The Vincentians, who since 1697 were living in this complex on the Celio, would be offered the church of Sant’Andrea on the Quirinale together with its residence, thus offering them greater possibility for ministerial activity. Due to the support of Pope Clement XIV, an agreement was reached and on 7 December 1773 the Vincentians left the monastery on the Celio and several Passionists quietly took possession of the complex. On the afternoon of 9 December 1773, St Paul of the Cross together with the community of the Hospice of the Holy Crucifix entered Sts John and Paul. The Te Deum was sung in the basilica before the Blessed Sacrament in exposition and the religious immediately began their prayer, night and day, for the Church.[2]

The church that the Passionists found was built above the houses of the martyrs John and Paul, who were martyred there in 362 during the persecution of the emperor Julian the apostate. The church was erected by the senator Pammachius and was completed toward the year 392 AD.

The original monastery that the Passionists found when they arrived is located in the area of the room used by St Paul of the Cross and dates to the 18th century. The Passionist religious were located in the wing off the main entrance and in the corridor leading to the refectory, which ended in the present day retreatants’ refectory. There was no third floor of rooms.

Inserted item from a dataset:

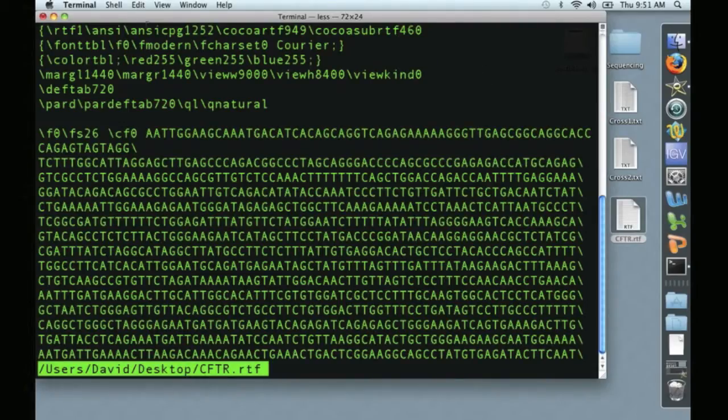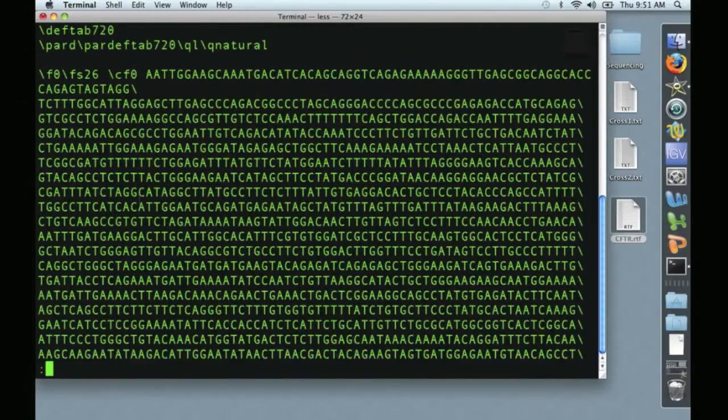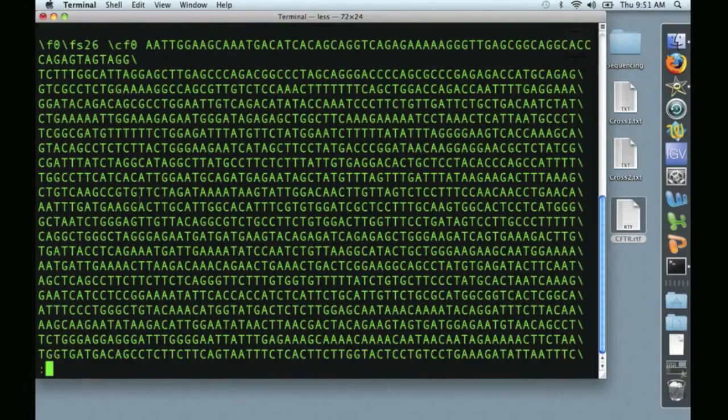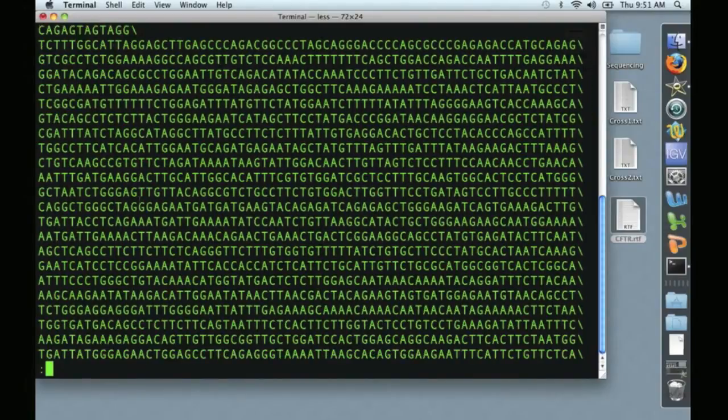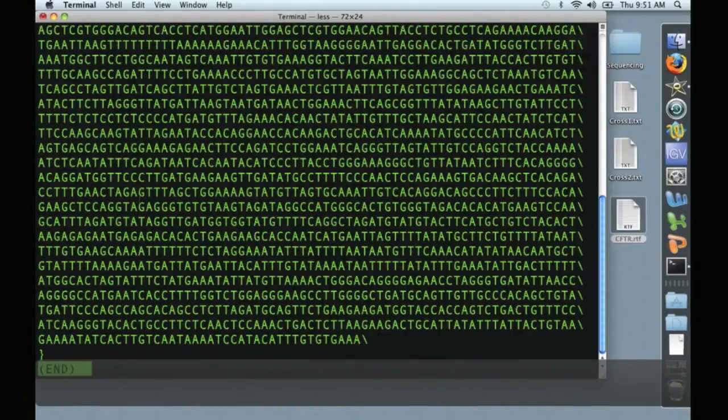Up at the top is the identification information from GenBank, and down here is the sequence. I can press RETURN to scroll through line by line, or I can press SPACE to scroll through a page at a time.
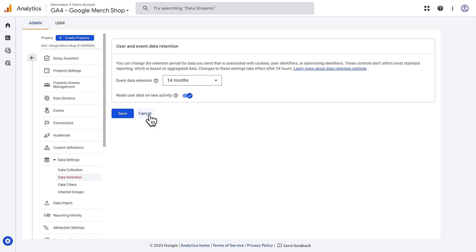This setting doesn't affect most standard reporting, which is based on aggregated data, but will affect the data used in more advanced tools like Explore.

The choir of the community was formed from the façade of the basilica above the portico of the main entrance. Therefore at least six times every day the community passed by the room of the Founder in order to get to the choir. The Founder resided in this room where he died because he could no longer walk and it would have been difficult for him to climb the steps to the first floor where the rooms of the religious were located. Across from the room of the Founder were two bedrooms where two religious resided.

In addition to being the site of the General Curia, the student theologate was also located here. The Vincentians used to give retreats here for seminarians and priests and the Passionists continued to set aside the second floor of the house for this same purpose. The retreat movement gradually developed. In 1798 the community experienced the first occupation by the French and they were forced to house the military and their families in the monastery. In 1810 a general suppression of religious organizations was decreed by Napoleon and only a custodian of the basilica was allowed to remain. The monastery was completely stripped of its contents.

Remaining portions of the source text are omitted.